Captioned web image data
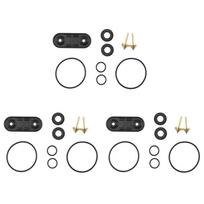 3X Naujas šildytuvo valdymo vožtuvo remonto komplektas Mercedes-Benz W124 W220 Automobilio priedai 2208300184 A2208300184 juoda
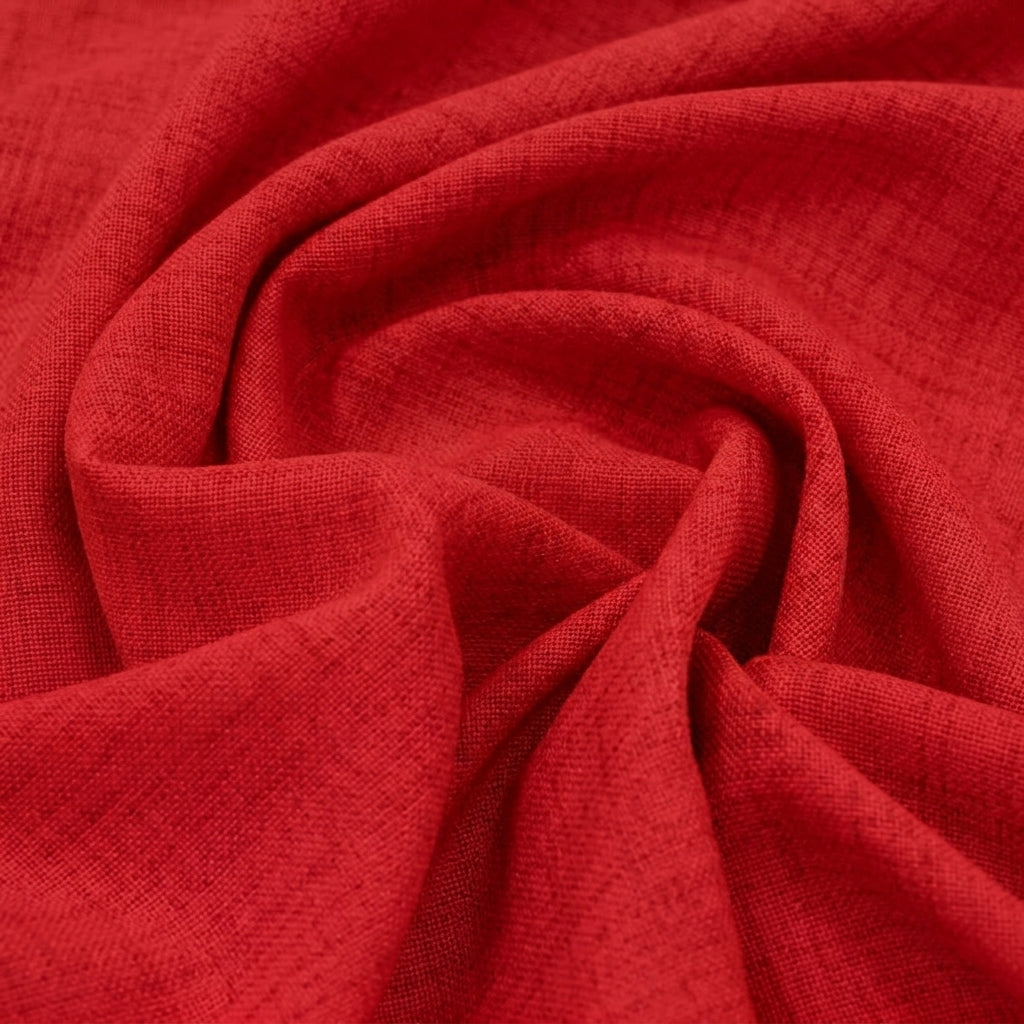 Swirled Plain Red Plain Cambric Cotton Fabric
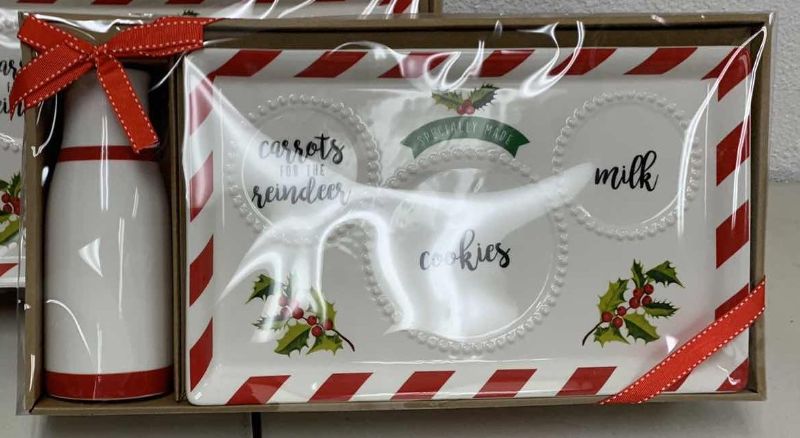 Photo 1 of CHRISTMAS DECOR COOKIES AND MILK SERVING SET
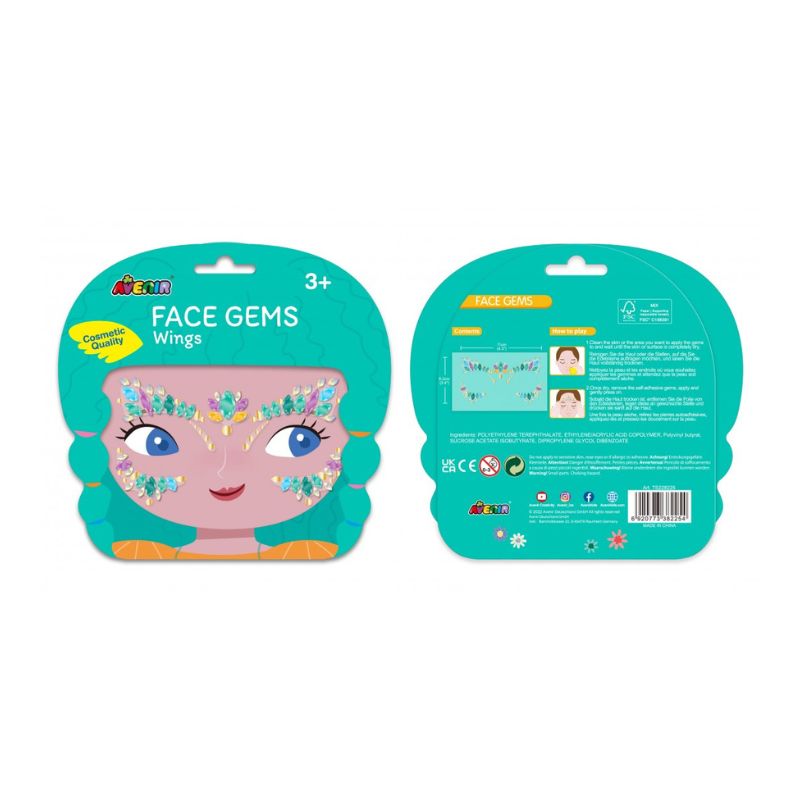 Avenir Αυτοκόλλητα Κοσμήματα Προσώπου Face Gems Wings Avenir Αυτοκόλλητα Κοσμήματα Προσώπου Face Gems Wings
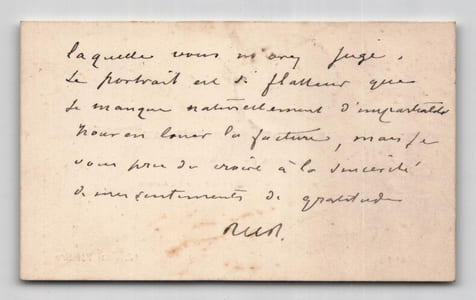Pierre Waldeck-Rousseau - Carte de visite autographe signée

TASK PROMPT
Although the records above contain pictures, only their text is to be repeated, exactly as given.

RESPONSE TO THIS EXERCISE
 3X Naujas šildytuvo valdymo vožtuvo remonto komplektas Mercedes-Benz W124 W220 Automobilio priedai 2208300184 A2208300184 juoda
 Swirled Plain Red Plain Cambric Cotton Fabric
 Photo 1 of CHRISTMAS DECOR COOKIES AND MILK SERVING SET
 Avenir Αυτοκόλλητα Κοσμήματα Προσώπου Face Gems Wings Avenir Αυτοκόλλητα Κοσμήματα Προσώπου Face Gems Wings
Pierre Waldeck-Rousseau - Carte de visite autographe signée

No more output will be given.